SF to make Castro an LGBTQ district

  • by Matthew S. Bajko, Assistant Editor
  • Tuesday June 25, 2019
Share this Post:
Pedestrians walk on Market Street at Noe, which will be part of the Castro LGBTQ Cultural District. Photo: Rick Gerharter
Pedestrians walk on Market Street at Noe, which will be part of the Castro LGBTQ Cultural District. Photo: Rick Gerharter

San Francisco's famed Castro neighborhood will soon be declared the city's third LGBTQ cultural district.

The Board of Supervisors unanimously approved the designation for the gayborhood at its June 25 meeting. Mayor London Breed is expected to sign it into law when it reaches her desk in July after the board votes a second time.

"The Castro has been recognized worldwide for half a century as a symbol of LGBTQ liberation and as an enclave for LGBTQ people to find safety, acceptance, and chosen family," stated gay District 8 Supervisor Rafael Mandelman, who represents the Castro at City Hall. "The Castro LGBTQ Cultural District will be an important tool to ensure that the Castro remains a vibrant LGBTQ neighborhood well into the future."

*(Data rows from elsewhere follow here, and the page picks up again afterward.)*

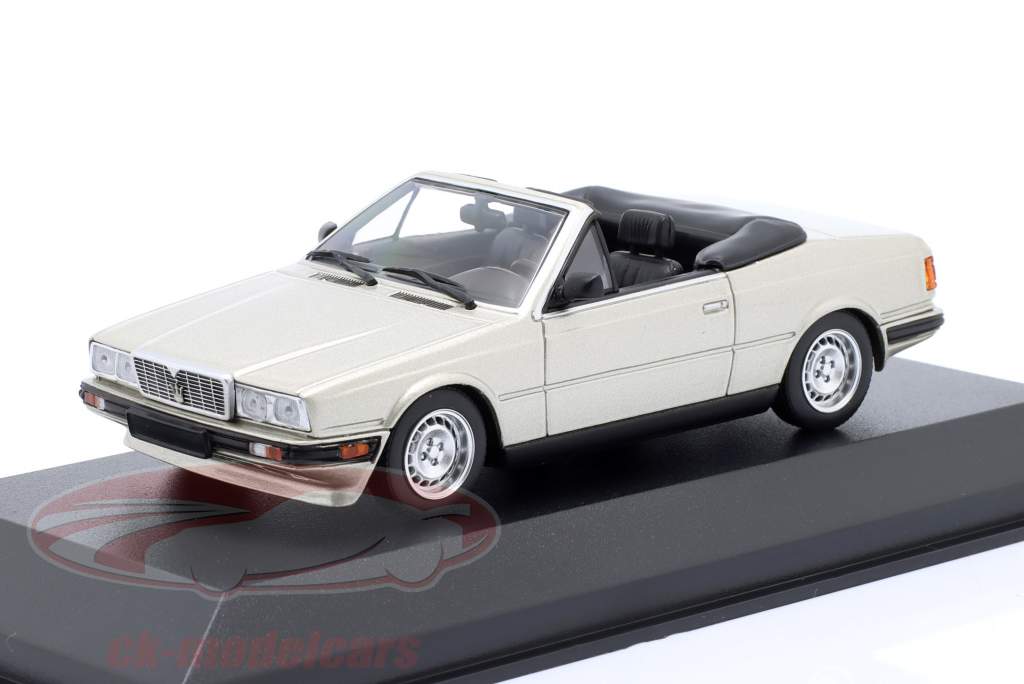 Maserati Biturbo Spyder Anno di costruzione 1984 argento metallico 1:43 Minichamps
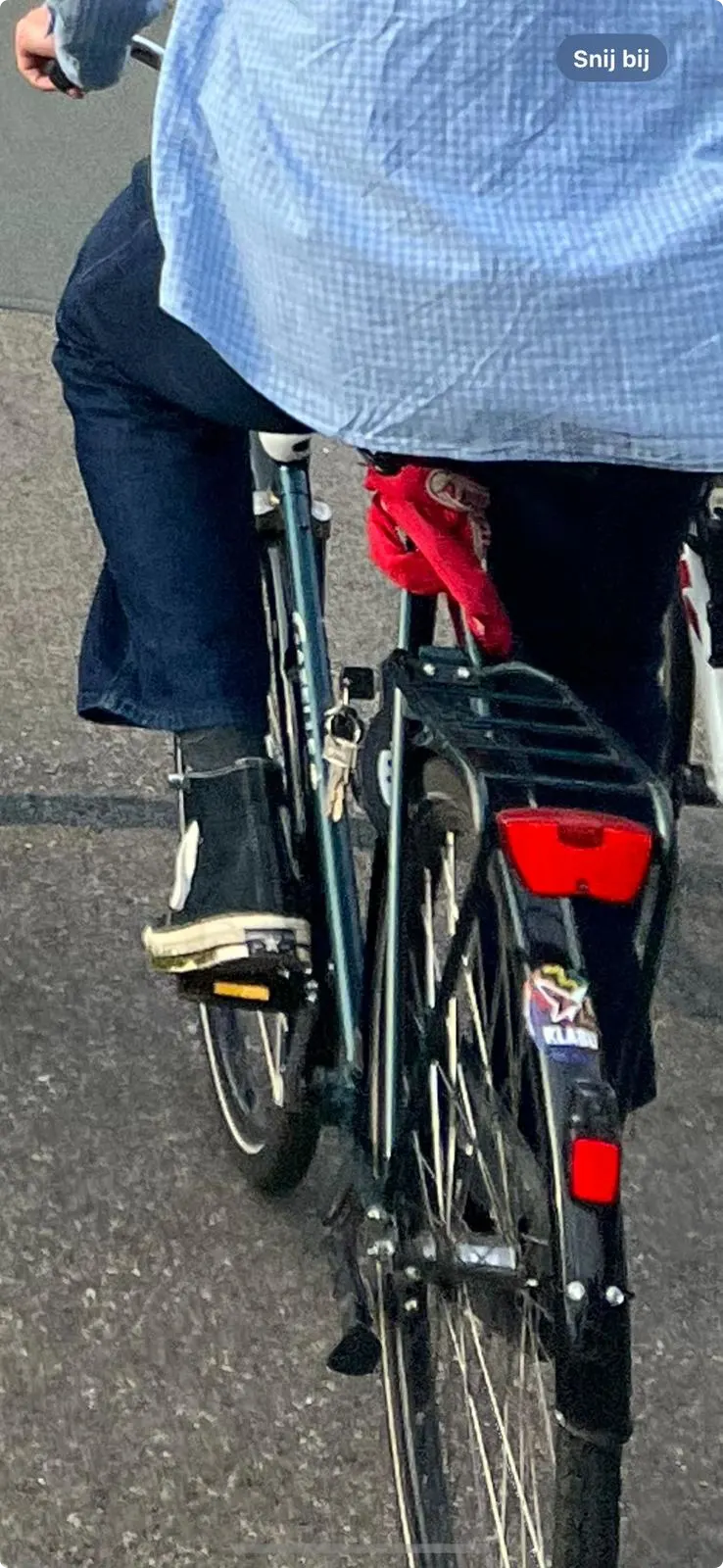 De fiets van de vermiste Sam.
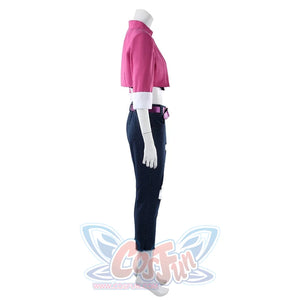 Fantastic Four Invisible Woman Susan Storm Cosplay Costume N09953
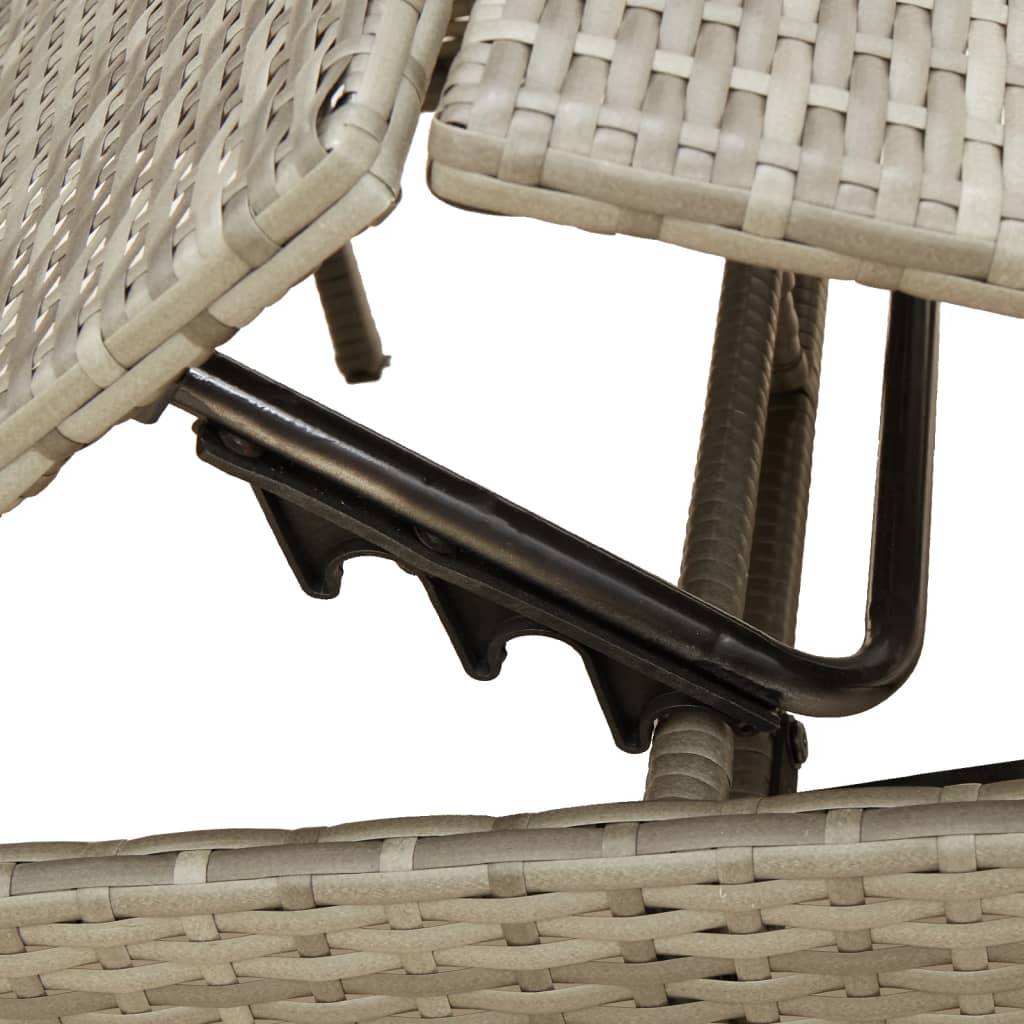Duo Lits de Jardin Gris Résine Repose-Pieds Ajustable Matelas Gris Foncé – ComfortXL Outdoor Living - Image 10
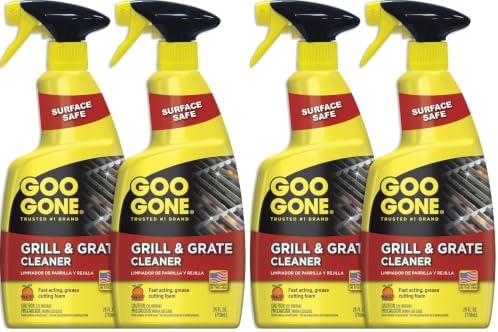 Goo Gone Grill and Grate Cleaner Spray Cleans and Degreases BBQ Cooking Grates by GooGone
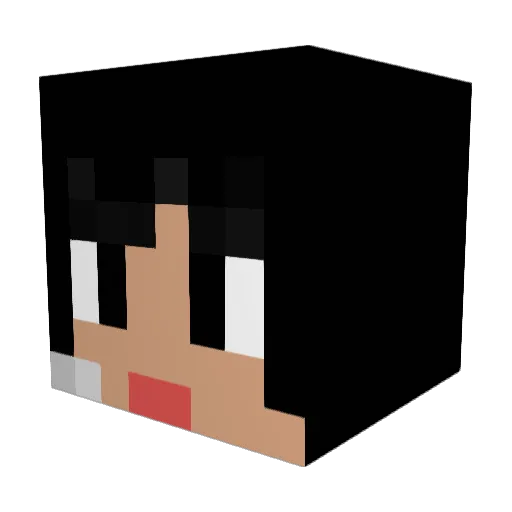 rekim222 Minecraft avatar head, 3D render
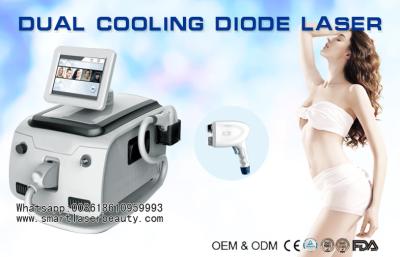 China Portable 808nm Diode Laser Hair Removal Machine , Cooling Hair Removal Laser Device for sale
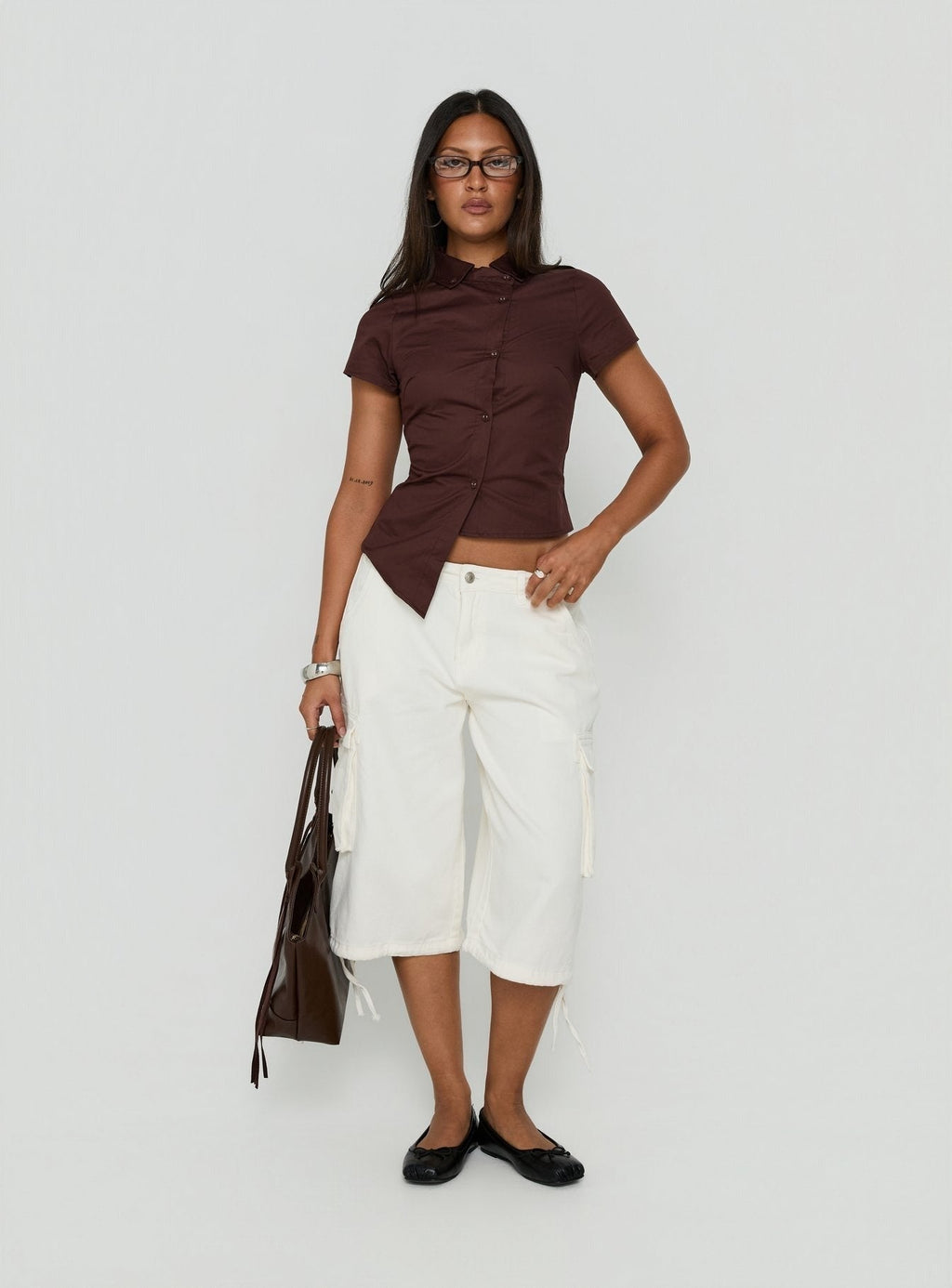 Hudsen Longline Cargo Shorts Cream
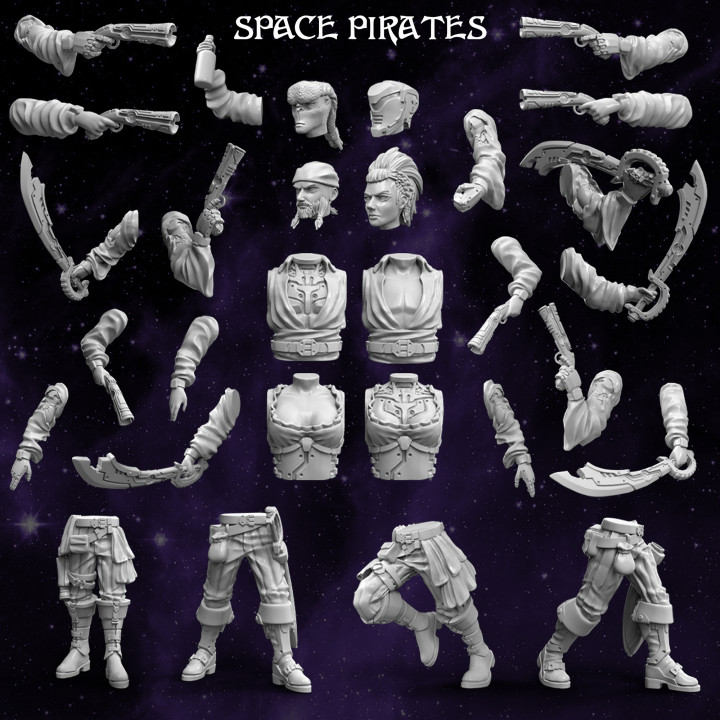Modular Swift Pirate Crew - Space Pirates Collection image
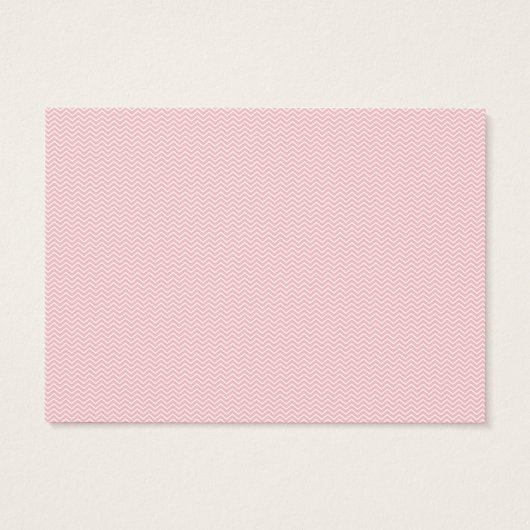 Pink Elephant Baby Shower Name Suggestion Cards (Back)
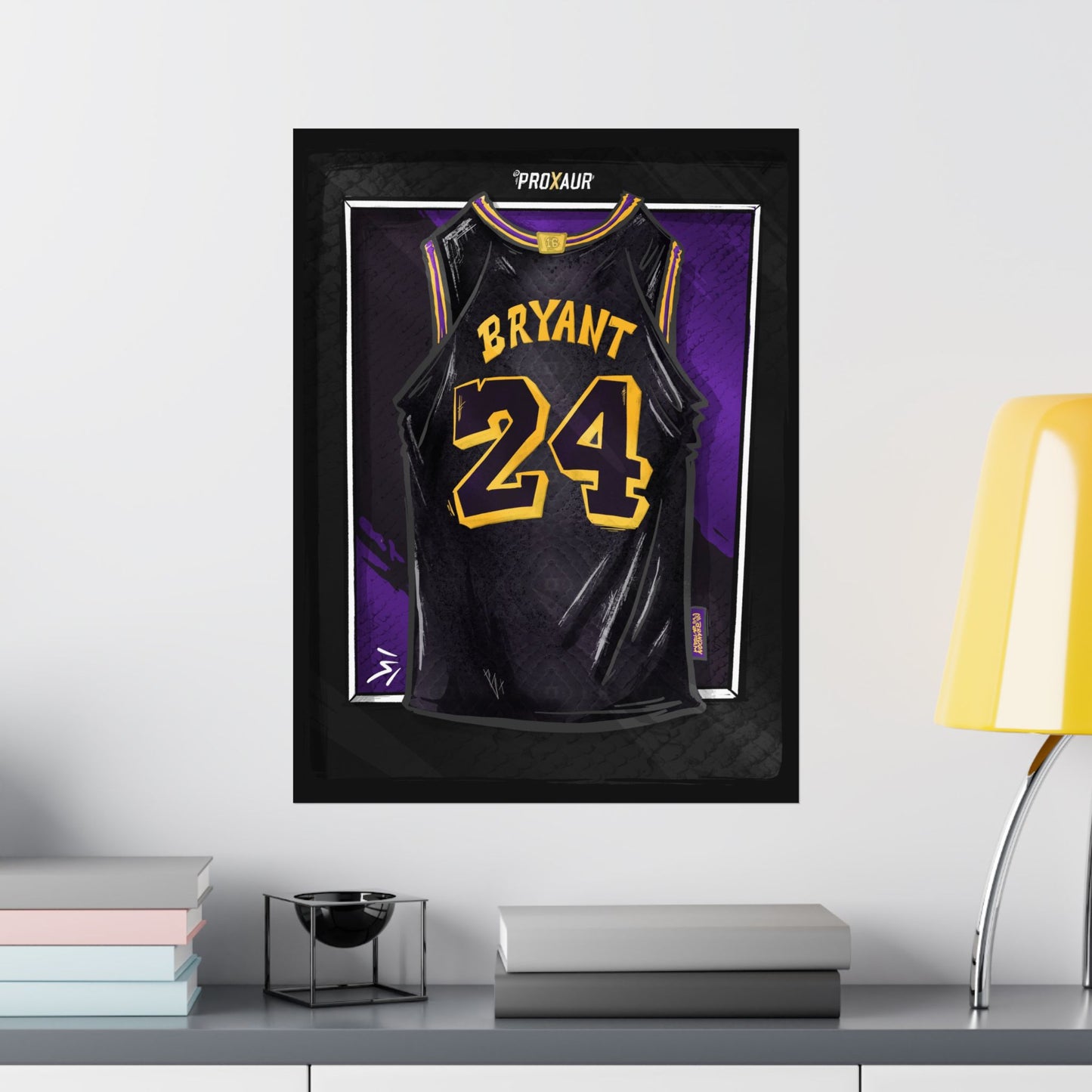 Kobe Bryant #24 Los Angeles 'Mamba Snakeskin' City Edition Jersey Poster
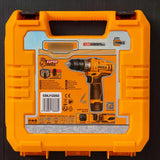 Set Taladro Inalámbrico Con Mecha Y 2 Baterías 12v Ingco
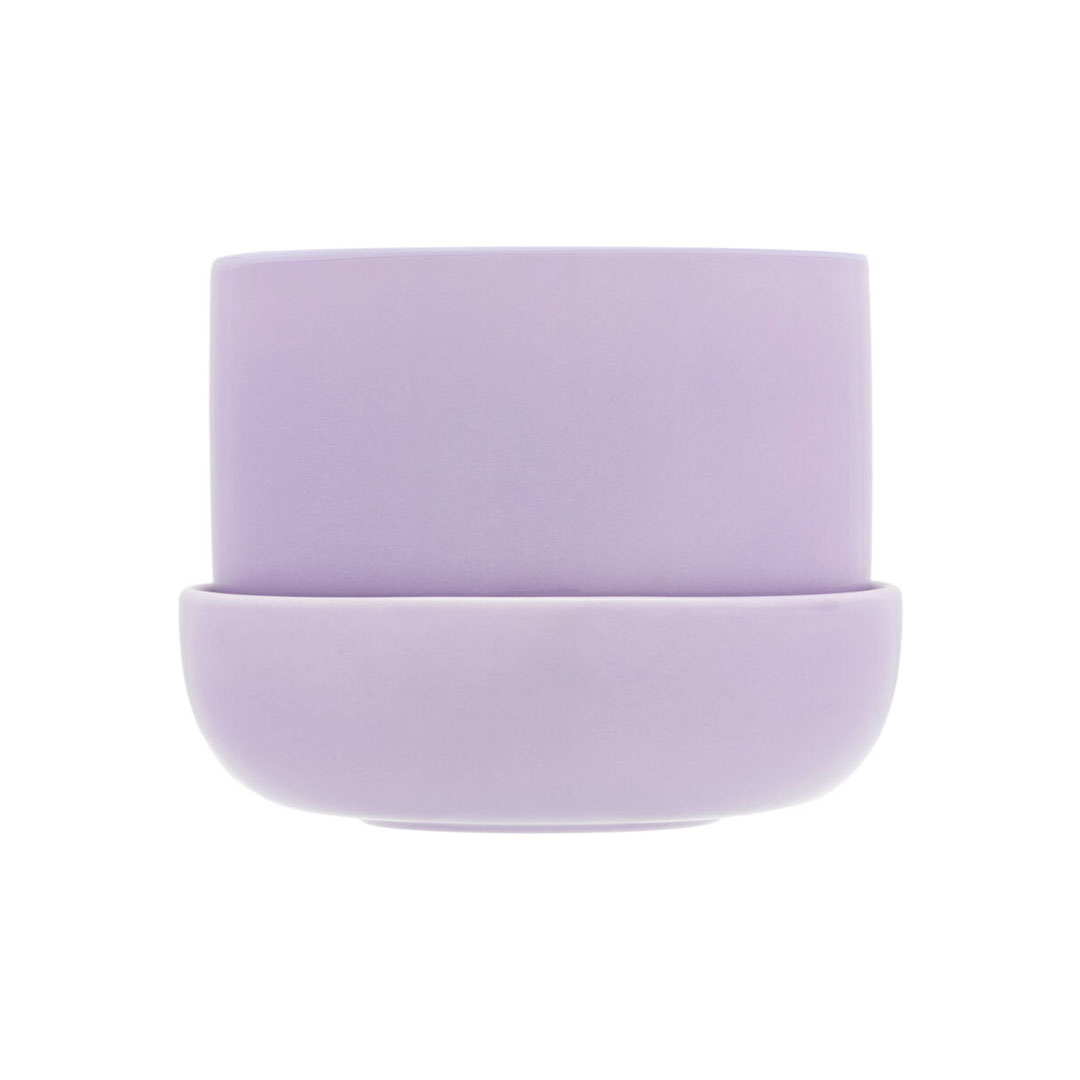 iittala Nappula Plant Pot with Saucer 17cm L Lilac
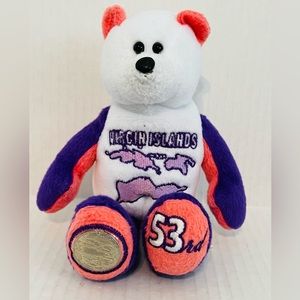 Limited Treasures U S Virgen Islands Quarter Bear Plush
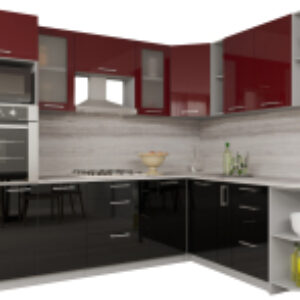 Готовая кухня Мила Gloss 1.88x2.6 правая 21век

The other LGBTQ districts are in the Tenderloin, focused primarily on the transgender community, and South of Market, created to preserve the area's leather culture. Signage went up over the weekend to demarcate the boundaries of the Compton's Transgender Cultural District, while construction began this month on the Eagle Plaza on 12th Street, set to become a focal point for the leather district when it opens later this year.

The Castro LGBTQ district has been talked about for years, with efforts to establish it formally launched in February last year. In a statement to the Bay Area Reporter, as he was traveling this week, GLBT Historical Society Executive Director Terry Beswick hailed the board's vote in support of its creation.

"For many people around the world, San Francisco's Castro neighborhood is known as the center of the queer universe and has played a pivotal role in the advancement of LGBTQ culture and political power. It has also been a place of sanctuary and fellowship for LGBTQ residents, businesses and visitors," stated Beswick, whose nonprofit operates the GLBT Historical Society Museum in the heart of the Castro on 18th Street. "But the historic neighborhood is experiencing many of the same challenges and stresses as the rest of the city and urban centers around the country: gentrification and displacement, homelessness and income inequality, and loss of cultural and racial diversity."

The boundaries for the district will be Market Street to the north and west, Grand View Avenue to the west; 22nd Street to the south between Grand View Avenue and Noe Street; Noe Street to the east between 22nd Street and 19th Street; 19th Street to the south between Noe Street and Sanchez Street; and Sanchez Street to the east between 19th Street and Market. It will also stretch down Market Street to Octavia and include the blocks of Laguna Street where the LGBT senior services agency Openhouse has its offices and housing development, as well as the stretch of Valencia Street where the San Francisco Gay Men's Chorus recently purchased a permanent home.

The Mayor's Office of Housing and Community Development, with assistance from the community and city departments, will prepare a Cultural, History, Housing, and Economic Sustainability Strategy for the Castro district. That report is expected to be complete by June 30, 2021, while starting this year the Castro district proponents will be able to apply for a portion of the $3 million in dedicated funding for cultural districts created by the voter-approved Proposition E.

Beswick noted he mistakenly thought the district would be easily approved within a few months last year.

"Instead, I had the honor of facilitating numerous community meetings and committee meetings over the last 15 months, drafting legislation and setting priorities," he stated. "Ironically, now the real hard work begins, and I am hopeful that everyone will work together in a way that will make a real difference in creating the kind of thriving queer neighborhood we all want to see."